#### DATA

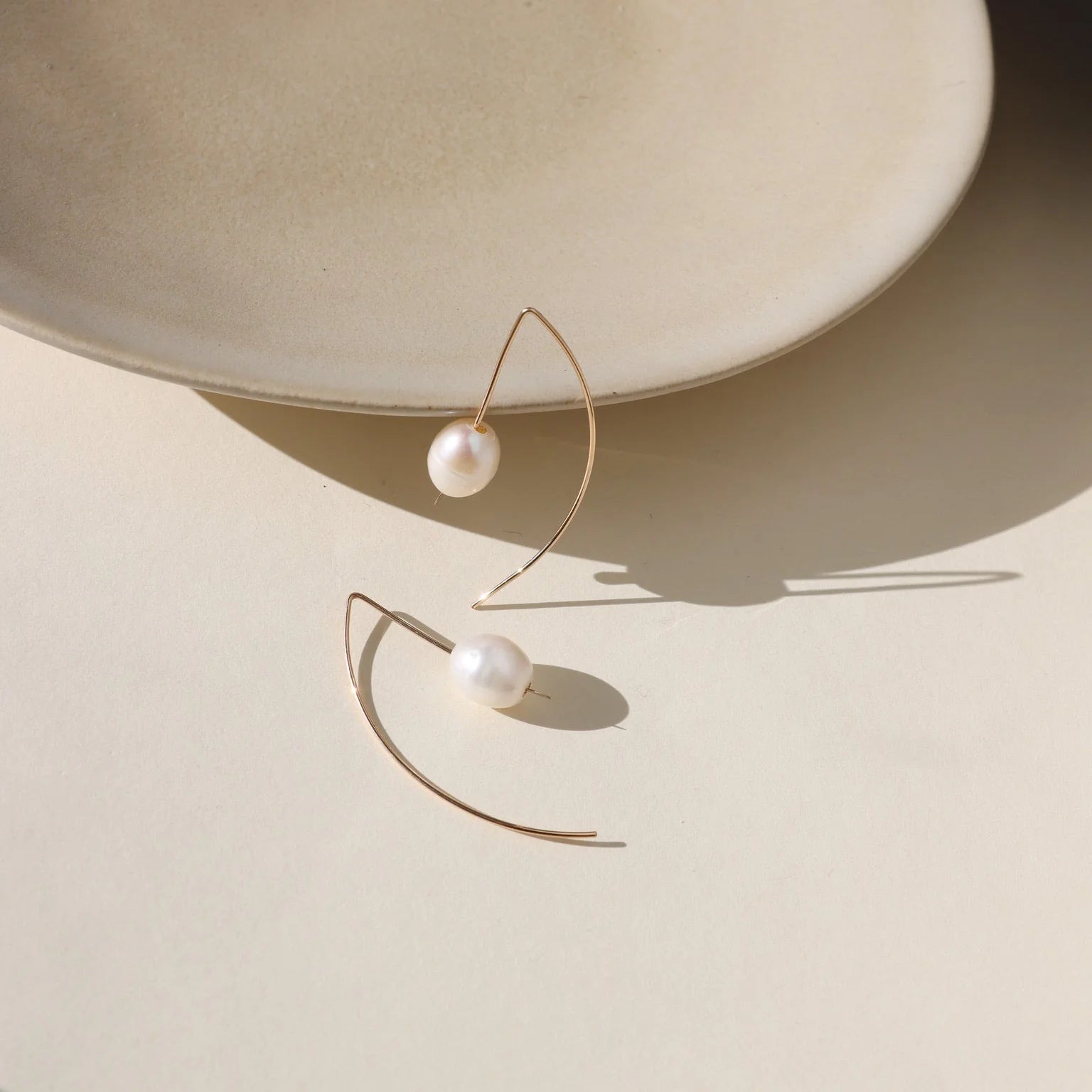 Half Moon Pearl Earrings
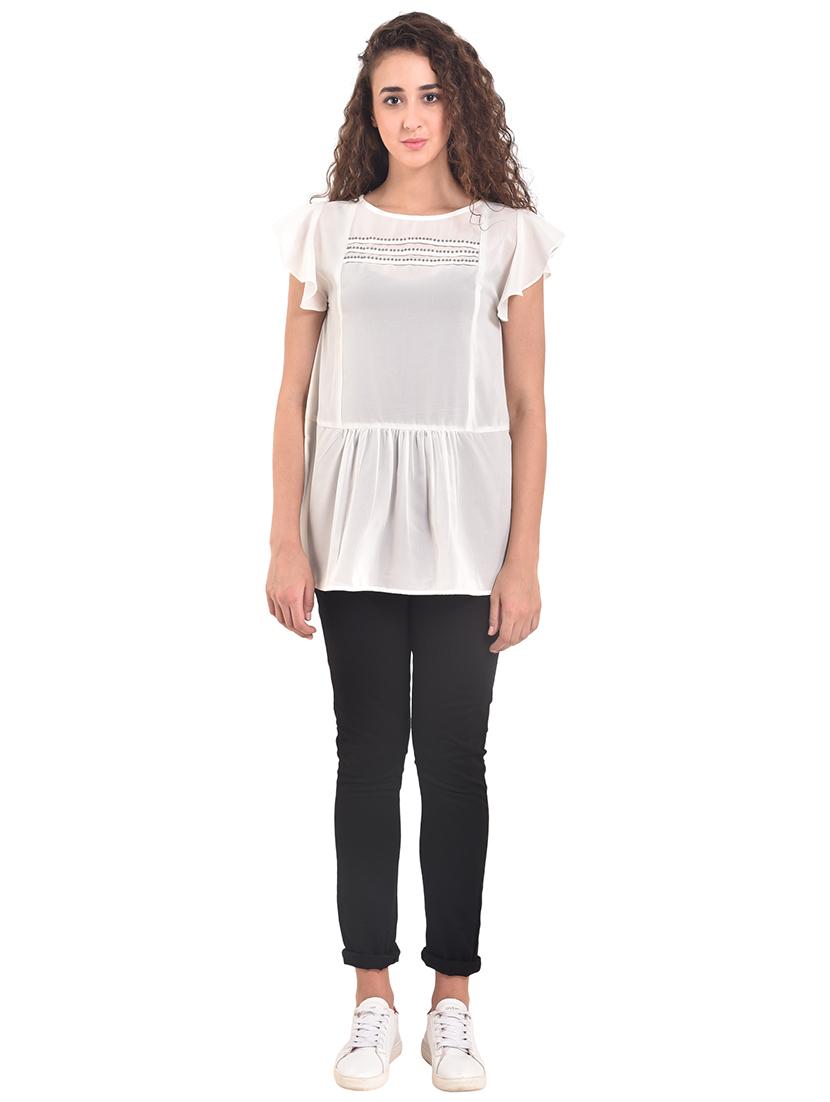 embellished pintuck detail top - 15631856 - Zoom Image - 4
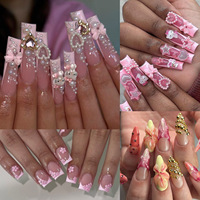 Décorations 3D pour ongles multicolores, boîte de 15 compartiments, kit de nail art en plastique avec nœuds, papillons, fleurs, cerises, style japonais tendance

########

Output all of the data exactly. Skip the pictures.

 Half Moon Pearl Earrings
 embellished pintuck detail top - 15631856 - Zoom Image - 4
 Décorations 3D pour ongles multicolores, boîte de 15 compartiments, kit de nail art en plastique avec nœuds, papillons, fleurs, cerises, style japonais tendance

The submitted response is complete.